Many have noted that the Second Amendment literally protects all of our other rights; after all, if criminals or tyrants are able to take your life or liberty with little to no resistance—especially armed resistance—your right to free speech, your right to due process under the law and more are unlikely to be respected. Unless you, or our heroes in blue charged with protecting the innocent, are able to protect our most basic rights, all of our rights are in danger.
But those opposed to our right to keep and bear arms ignore the fact that the Second Amendment acts as a bulwark for all of our freedoms, protecting our other rights from legislatures, in courts and in public opinion.
California’s legislature and governor just unwittingly showed us that, indeed, the Second Amendment is a cornerstone of American liberty. Last June, a majority of California’s legislators passed, and Gov. Gavin Newsom (D) signed, AB 2571, a bill titled “Firearms: advertising to minors.” This legislation, now a law, is a direct assault on the First and Second Amendment rights of residents of California. But, thanks in large part to this civil-liberties association—its members, legal team and resources—the state soon saw that they were going to lose constitutional challenges in the courts; so, in late September, they amended the law with a public-safety trailer bill filed as AB 160. Budget trailer bills are not supposed to be used for policy, but authoritarian legislatures like the one in California often use them this way to avoid open debate and discussion.
What is still on the books in California, however, remains an egregious attack on our First and Second Amendment rights. Here is what happened. It is worth going through the details, as this fight isn’t over and is likely to, in one form or another, come up again.
First, They Hastily Passed Anti-Freedom Legislation
Without much debate, the California Assembly passed, and Gov. Newsom signed, AB 2571—a list of First Amendment infringements on firearm ads, gun competitions and more that might be construed as influencing minors. At the time, Newsom said, “Those backing this industry can no longer market to our children.”
Commercial speech or advertising is generally protected under the First Amendment to the Constitution of the United States.
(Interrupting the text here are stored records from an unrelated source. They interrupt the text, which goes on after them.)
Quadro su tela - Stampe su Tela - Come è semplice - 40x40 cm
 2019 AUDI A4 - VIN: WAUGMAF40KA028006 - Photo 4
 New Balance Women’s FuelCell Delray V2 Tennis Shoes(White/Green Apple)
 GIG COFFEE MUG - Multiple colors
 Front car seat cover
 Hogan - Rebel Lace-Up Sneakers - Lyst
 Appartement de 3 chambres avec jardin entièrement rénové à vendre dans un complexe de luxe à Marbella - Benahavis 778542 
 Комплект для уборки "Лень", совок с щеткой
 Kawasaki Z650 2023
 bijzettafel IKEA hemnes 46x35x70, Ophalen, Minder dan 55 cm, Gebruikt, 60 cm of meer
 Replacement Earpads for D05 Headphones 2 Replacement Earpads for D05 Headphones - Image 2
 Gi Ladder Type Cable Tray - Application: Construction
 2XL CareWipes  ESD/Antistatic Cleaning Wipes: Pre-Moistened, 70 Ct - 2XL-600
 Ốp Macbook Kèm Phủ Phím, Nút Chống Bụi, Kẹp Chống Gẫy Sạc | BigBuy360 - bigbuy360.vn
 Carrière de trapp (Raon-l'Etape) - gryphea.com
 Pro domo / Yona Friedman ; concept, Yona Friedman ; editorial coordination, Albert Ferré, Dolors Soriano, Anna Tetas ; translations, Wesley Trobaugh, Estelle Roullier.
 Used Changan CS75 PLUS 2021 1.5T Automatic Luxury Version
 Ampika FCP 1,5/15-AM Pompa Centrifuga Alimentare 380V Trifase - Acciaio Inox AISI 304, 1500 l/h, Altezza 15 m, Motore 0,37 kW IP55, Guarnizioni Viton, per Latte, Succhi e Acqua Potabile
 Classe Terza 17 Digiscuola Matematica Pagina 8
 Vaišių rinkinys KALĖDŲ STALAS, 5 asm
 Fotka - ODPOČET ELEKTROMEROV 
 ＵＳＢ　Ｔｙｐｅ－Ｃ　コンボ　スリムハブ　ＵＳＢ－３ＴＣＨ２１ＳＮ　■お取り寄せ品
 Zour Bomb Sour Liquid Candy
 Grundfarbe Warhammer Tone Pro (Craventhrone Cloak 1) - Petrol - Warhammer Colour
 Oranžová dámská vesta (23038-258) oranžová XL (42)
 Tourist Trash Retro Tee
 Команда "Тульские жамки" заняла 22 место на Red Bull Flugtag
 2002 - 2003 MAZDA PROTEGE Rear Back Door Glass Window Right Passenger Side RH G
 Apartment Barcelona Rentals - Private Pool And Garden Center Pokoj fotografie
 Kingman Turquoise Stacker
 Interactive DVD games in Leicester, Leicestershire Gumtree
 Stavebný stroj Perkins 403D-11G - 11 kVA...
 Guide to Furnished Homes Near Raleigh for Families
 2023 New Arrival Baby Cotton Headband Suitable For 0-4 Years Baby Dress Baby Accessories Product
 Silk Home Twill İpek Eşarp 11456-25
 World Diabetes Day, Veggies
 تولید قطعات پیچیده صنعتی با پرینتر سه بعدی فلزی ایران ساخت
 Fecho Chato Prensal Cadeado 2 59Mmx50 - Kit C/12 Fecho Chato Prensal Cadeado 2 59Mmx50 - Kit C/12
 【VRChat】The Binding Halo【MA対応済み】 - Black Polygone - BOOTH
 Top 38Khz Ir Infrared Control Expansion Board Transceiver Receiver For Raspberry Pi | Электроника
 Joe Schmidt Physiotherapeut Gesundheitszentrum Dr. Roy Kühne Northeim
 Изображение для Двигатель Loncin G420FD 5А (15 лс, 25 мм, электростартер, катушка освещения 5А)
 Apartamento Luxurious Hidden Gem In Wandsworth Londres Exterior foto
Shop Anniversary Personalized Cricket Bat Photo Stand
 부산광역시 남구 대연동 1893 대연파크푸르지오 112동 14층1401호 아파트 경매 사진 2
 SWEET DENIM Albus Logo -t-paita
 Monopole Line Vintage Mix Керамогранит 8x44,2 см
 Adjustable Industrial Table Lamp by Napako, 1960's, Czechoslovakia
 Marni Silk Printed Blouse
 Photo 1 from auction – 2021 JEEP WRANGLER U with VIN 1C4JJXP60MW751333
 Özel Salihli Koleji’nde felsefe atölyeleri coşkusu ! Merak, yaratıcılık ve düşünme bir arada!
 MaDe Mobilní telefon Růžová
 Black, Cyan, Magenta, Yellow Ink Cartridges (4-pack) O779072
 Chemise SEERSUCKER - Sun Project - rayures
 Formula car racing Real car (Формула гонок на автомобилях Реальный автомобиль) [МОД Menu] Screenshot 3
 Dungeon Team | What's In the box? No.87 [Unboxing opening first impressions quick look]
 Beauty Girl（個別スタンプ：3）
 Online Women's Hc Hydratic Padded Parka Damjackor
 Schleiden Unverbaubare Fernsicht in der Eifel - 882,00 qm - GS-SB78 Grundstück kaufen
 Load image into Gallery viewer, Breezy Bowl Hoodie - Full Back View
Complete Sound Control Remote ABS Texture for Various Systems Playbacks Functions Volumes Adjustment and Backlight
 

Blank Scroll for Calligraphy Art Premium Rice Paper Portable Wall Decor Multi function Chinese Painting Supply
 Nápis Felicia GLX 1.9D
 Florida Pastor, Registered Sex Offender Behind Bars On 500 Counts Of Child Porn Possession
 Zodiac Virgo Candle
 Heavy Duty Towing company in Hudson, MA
Existing laws and regulations, however, have been used to restrict the content and placement of advertising and promotional marketing of many commercial products, like alcohol, cannabis and tobacco, to protect minors—which gun-grabbers saw as an opening to go after firearm-related speech.
“This bill would prohibit a firearm industry member, as defined, from advertising or marketing any firearm-related product, as defined, in a manner that is designed, intended, or reasonably appears to be attractive to minors,” AB 2571 stated. “The bill would also prohibit a firearm industry member from using, disclosing, or compiling a minor’s personal information if it is intended to market or advertise a firearm to that minor, as specified.”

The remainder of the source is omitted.